Nancy Pelosi launches impeachment inquiry against Donald Trump: Take a look at how the proceedings work
Pelosi, who well understands the challenges Democrats might face in proceeding with an impeachment inquiry, has long resisted calls from many progressive lawmakers to initiate the the proceedings.
The House Speaker also accused Trump of risking the nation's security by seeking to enlist a foreign government for his own political gains
The inquiry against Trump marks the fourth time in American history when a president faced a viable threat of impeachment
Other than Trump, the list includes former US presidents Andrew Johnson, Richard Nixon and Bill Clinton
In mounting trouble for Donald Trump, US Democrat Nancy Pelosi on Tuesday confirmed that House of Representatives will initiate formal impeachment inquiry against the US president after reports surfaced of him betraying the oath of office by putting "pressure" on Ukrainian president Volodymyr Zelensky to investigate Joe Biden, a potential 2020 election opponent.
The House Speaker also accused Trump of risking the nation's security by seeking to enlist a foreign government for his own political gains.
"The actions of the Trump presidency revealed the dishonourable facts of the president's betrayal of his oath of office, betrayal of our national security, and betrayal of the integrity of our elections," Pelosi told a highly anticipated news conference in the US capital, adding, "he must be held accountable — no one is above the law."
The inquiry against Trump marks the fourth time in American history when a president faced a viable threat of impeachment. Other than Trump, the list includes former US presidents Andrew Johnson, Richard Nixon and Bill Clinton.
Pelosi, who well understands the challenges Democrats might face in proceeding with an impeachment inquiry, has long resisted calls from many progressive lawmakers to initiate the proceedings. But the revelations about Trump's phone call with Zelensky on Biden appeared to have become the tipping point.

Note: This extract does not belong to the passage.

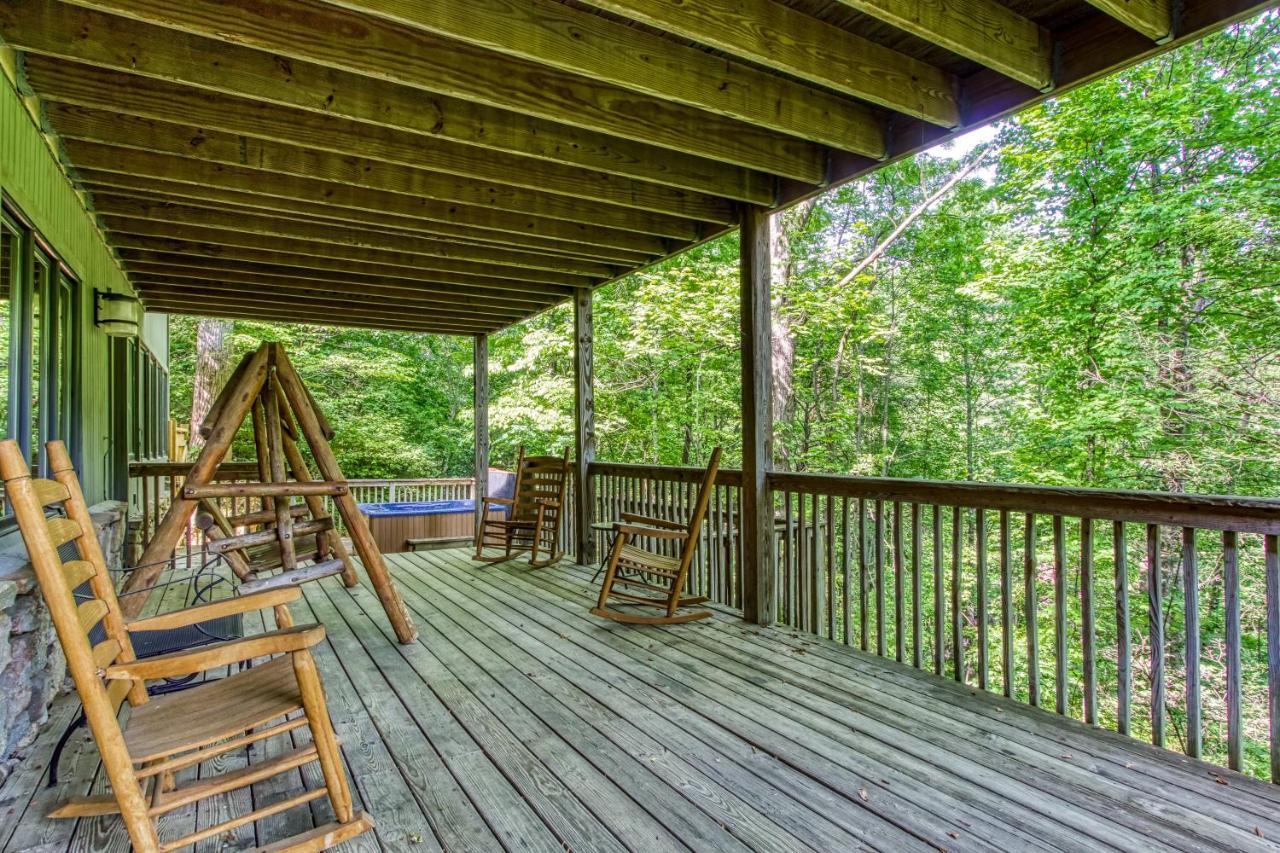 Mountain Lake Lodge, Hot Tub, Theater Room, 1089 Free Tickets Each Paid Day, Dollywood And More セバービル エクステリア 写真
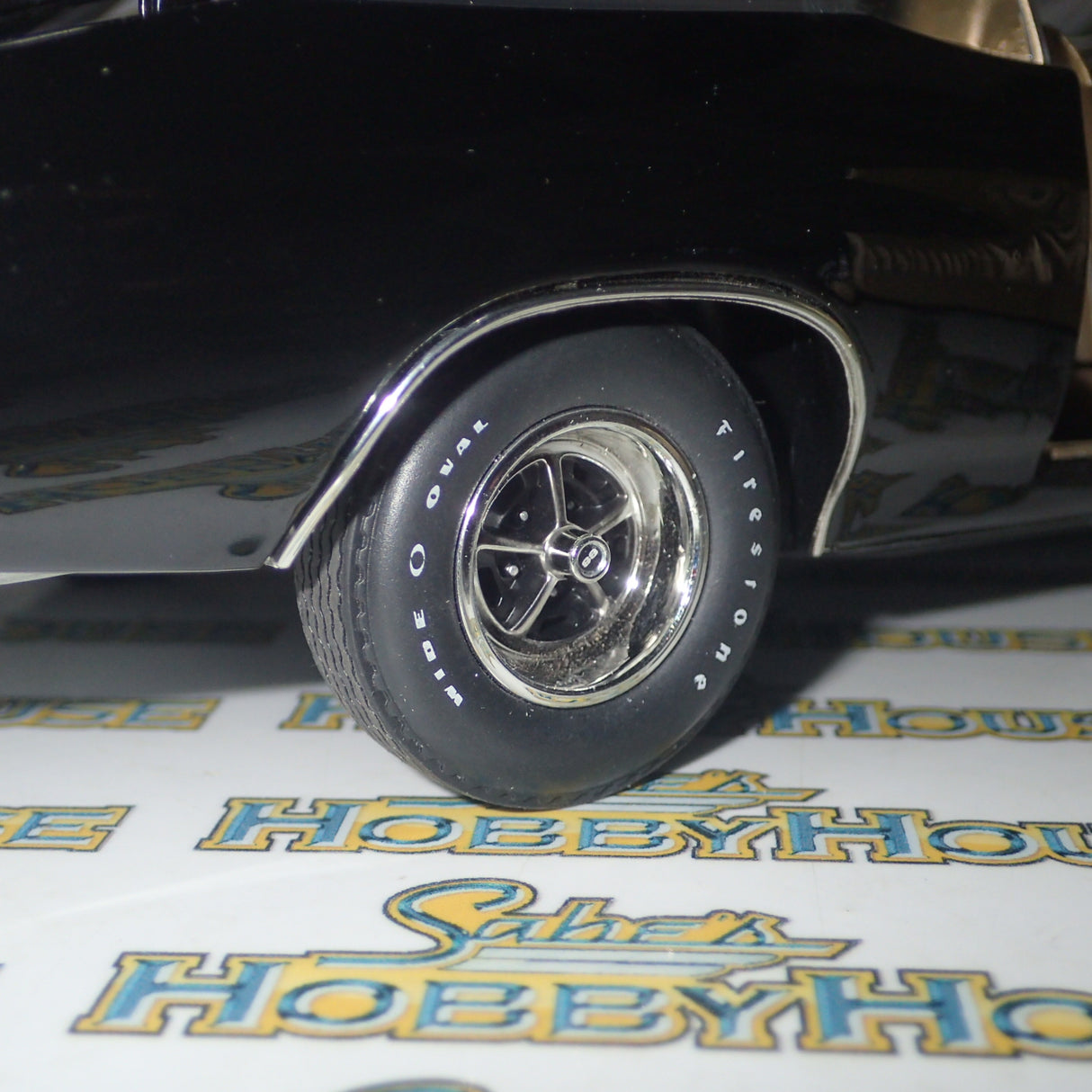 ACME A1805527 - 1/18 Scale 1970 Chevrolet Chevelle SS 454 Die-cast Model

Now here are a few things to know about the impeachment process and how it works:
What is Impeachment?
Many often confuse impeachment to be the removal of a president or other federal officials from office for committing an offence. But that's not what it means. Impeachment is an indictment or a formal charge of a serious crime against the president, vice president or another federal officeholder.
According to the US constitution, in a case of impeaching a sitting president, the House of Representatives can call for an inquiry if they believe that the president is guilty of "treason, bribery, or other high crimes and misdemeanours," reported CTV news.
The Senate conducts a trial after the officeholder is impeached to determine whether the accused is guilty of the charges. The accused can be removed from office only after a guilty verdict is reached.
Who can file impeachment charges?
The US constitution provides the House with the sole power to impeach a federal official or to introduce an impeachment resolution, which would further get reviewed by the House Judiciary Committee. The committee can conduct their own investigation and then bring articles of impeachment against the president, and present that evidence to the House.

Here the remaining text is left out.